The first approach appears to be the most significant of the three, with a long list of publication by various people, but it uses constructive logic. The last two rely on classical logic but are much less developed than SDG. What are the relative merits of these three approaches? What do they teach us about nilpotent infinitesimals? Particularly, when applied to differential geometry.

My answer might be biased, so I hope someone else could complement it adding different viewpoints. Moreover, my answer is essentially philosophical, so it might sound incomplete in case you are searching for a technical answer.

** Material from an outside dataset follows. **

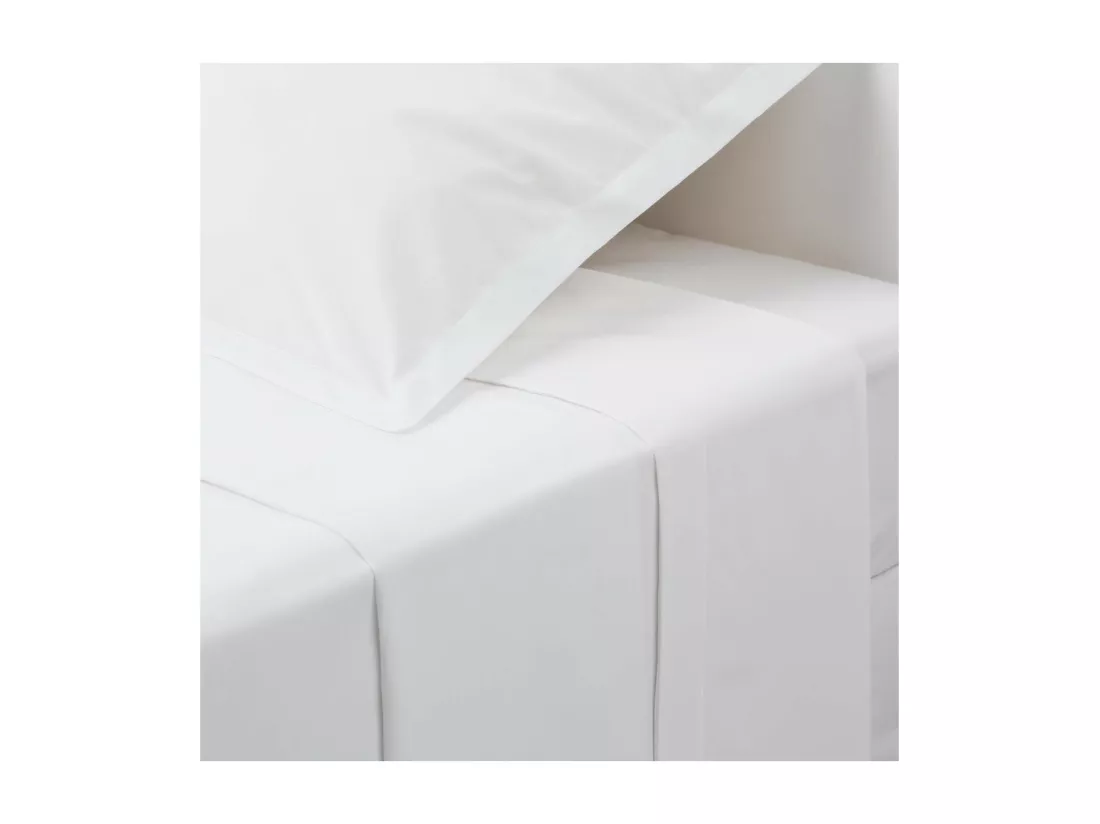 Drap plat 2 Personnes en Coton Blanc 240 x 290 cm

SDG and "Differential Geometry over general base field" are extremely flexible in creating the type of nilpotent infinitesimals you need for your problem. This is essentially because they are algebraic in nature. Like for Weil functors, these theories are wonderful generalizations of the same basic idea of the ring of dual numbers $\mathbb{R}[h]/(h^2=0)$. We can summarize this point of view, even too strongly, citing J. Conway who in The Math Forum Drexel of Feb. 17, 1999 said "SDG is just a formal algebraic technique for 'working up to any given order in some small variable $s$' - for instance if you want to work up to second order in $s$, you just declare that $s^3 = 0$". In my opinion, it is really difficult, or even impossible, to achieve the same formal power and beauty in other theories of nilpotent infinitesimals. On the other hand, Fermat reals are formally less powerful, but strongly intuitively clearer. This permits to gain intuition about possible developments of the theory of nilpotent infinitesimals which seem impossible following an algebraic approach. So, in the ring of Fermat reals, one can define a meaningful notion of $n$-th root of a nilpotent infinitesimal, with application to fractional calculus, there is a computer implementation of the whole ring, and we are working to define reciprocal of nilpotent infinitesimals and also stochastic nilpotent infinitesimals corresponding to Ito's calculus. This teaches us many things about nilpotent infinitesimals. If you want to write new papers (frequently simply reformulating SDG!), Fermat reals is the right framework. Therefore, the first thread to compare these theories could be: do you prefer more formal power but a lacking intuition or less formal power but a greater intuition?